We are often asked “What is a Log Periodic Aerial?” and “Should I be using a Log Periodic Aerial?”
Log periodic aerials are used for the reception of Digital Terrestrial TV services such as Freeview
As you can see from the image they look slightly different to a conventional ‘old style’ TV aerial with the rear reflectors that we often see on top of chimneys. One customer once described them to looking like a fishbone. Don’t be put off as a Log Periodic can perform just as well if not better then a Yagi style TV aerial.
A Log Periodic TV aerial offers many benefits over traditional wideband TV aerials. Most notably, you’ll get more consistent signal levels across all Freeview multiplexes, as Log Periodic aerials have a flat signal gain characteristic. This means they work equally well on all UHF TV channels – making them truly “wideband”. By contrast, most wideband “yagi” antennas work less well on the lower Group A UHF channels.

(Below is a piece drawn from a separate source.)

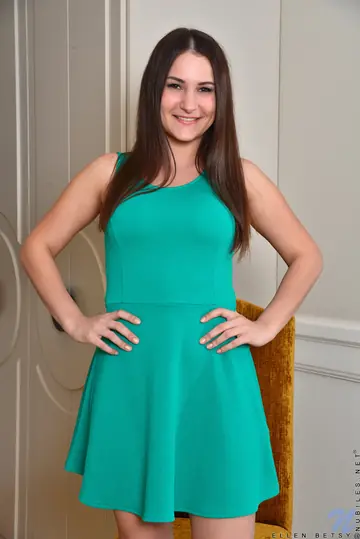 Ellen Betsy – Busty Brunette Strips Off Her Panties and Spreads on a Chair in Heels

Triax Log Periodics are well built and resistant to element damage, making them ideal for caravan or boat installation where the antenna is frequently taken down and equally suitable for home installation in a loft or outdoors.
A Log Periodic TV aerial is perfect for digital reception as it rejects impulse noise much better than a traditional Yagi aerial. Impulse noise is the largest cause of picture freezing and signal dropout on Freeview reception. Logs also offer much improved rejection of unwanted signals from other transmitters eminating from the back or side of the aerial – due to the Log Periodic’s tight polar diagram.
A good quality log periodic like the Triax TL 28F, will work well on all UK TV channels and be suitable for use on all main and relay TV transmitters in the UK. It is light and easy to install in a loft space or outdoors and can be mounted with vertical or horizontal polarisation.
As there is no large reflector, the wind loading on a Log Periodic aerial is much less than with a traditional Yagi TV aerial, so the aerial can often be mounted on a longer pole leading to much better results than much larger more visually obtrusive aerials. This often amply makes up for the fact that the Triax TL 28F has slightly lower signal gain on the Group B and Group C/D UHF channels than a conventional Yagi-type wideband aerial.